Este verano, cuando confesaba a familiares y amigos que mi destino de vacaciones era Mozambique, la respuesta era la misma: “¿No es un país peligroso?”. Pero huir de las altísimas temperaturas del verano madrileño (allí se disfruta del invierno austral con temperaturas que se mantienen durante el día sobre los 28 grados y bajan hasta los 15 por la noche) y conocer las playas mozambiqueñas que tanta fama tienen por su belleza y valor medioambiental, me parecían razones más apremiantes por lo que la valentía ganó a la prudencia. Aquí comienza el diario de una 'mungulu' (blanca) en Mozambique.
Dos vuelos me llevan hasta mi destino: Maputo, allí arranca mi periplo. La capital se sitúa al sur del país, es una ciudad activa y colorida, donde las amplias y largas avenidas bordeadas de jacarandas y acacias dejan ver un skyline espectacular, un ejemplo de la arquitectura racionalista o brutalista que imperó tras la independencia del país africano de la hegemonía portuguesa en 1975. La ciudad guarda edificaciones representativas como la Casa do Ferro y la Estación de Ferrocarril, ambas firmadas por el mítico Gustave Eiffel. En Maputo, los árboles más espectaculares y los coches más modernos (conducen por la derecha, por cierto) contrastan con las construcciones ajadas por el paso del tiempo y la dejadez. Un caos que molesta al principio pero, según nos vamos acostumbrando, se acepta y hasta motiva. Imprescindible conocer el Fuerte, el mercado de pescado, el puerto y el paseo marítimo que dan una visión muy clara del pasado de esta ciudad y su estrecha vinculación con el mar.
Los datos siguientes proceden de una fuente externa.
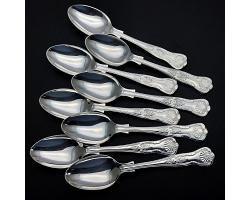 Kings Pattern - Set Of 8 Tea Spoons Epns A1 Sheffield Silver Plated (#59794)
Hasta que cae el sol -hora bruja en que Maputo se vuelve peligrosa y responde a la pregunta que todo visitante se hace cuando ve tantas casas con vallas electrificadas-, es un placer conocer la ciudad a pie. Durante el día, las calles están llenan de vida, con puestos de fruta o de anacardos (las mujeres los tuestan allí mismo en improvisados hornillos), los vendedores te acercan mercancía de todo tipo (desde cargadores para el móvil hasta peladores de patata), de zapateros que reparan calzado en un abrir y cerrar de ojos, de muchachos pertrechados de listones de madera repletos de lacas de uñas que embellecen las manos a las señoras en plena acera, o de cafés donde disfrutar de algún dulce, como por ejemplo, las típicas natas lusas cuya reinterpretación africana no tiene nada que envidiar a las originales europeas. Y es que, la gastronomía mozambiqueña debe mucho al recetario portugués no sólo en la repostería, también en el uso del famoso piri-piri, una salsa picante (y extrema) que se utiliza en los platos de pollo aunque, cuando se visita una zona donde el mar es una importante fuente de subsistencia, el pescado, los calamares, los camarones y las gambas suelen ser la opción más apetecible, fresca y sabrosa.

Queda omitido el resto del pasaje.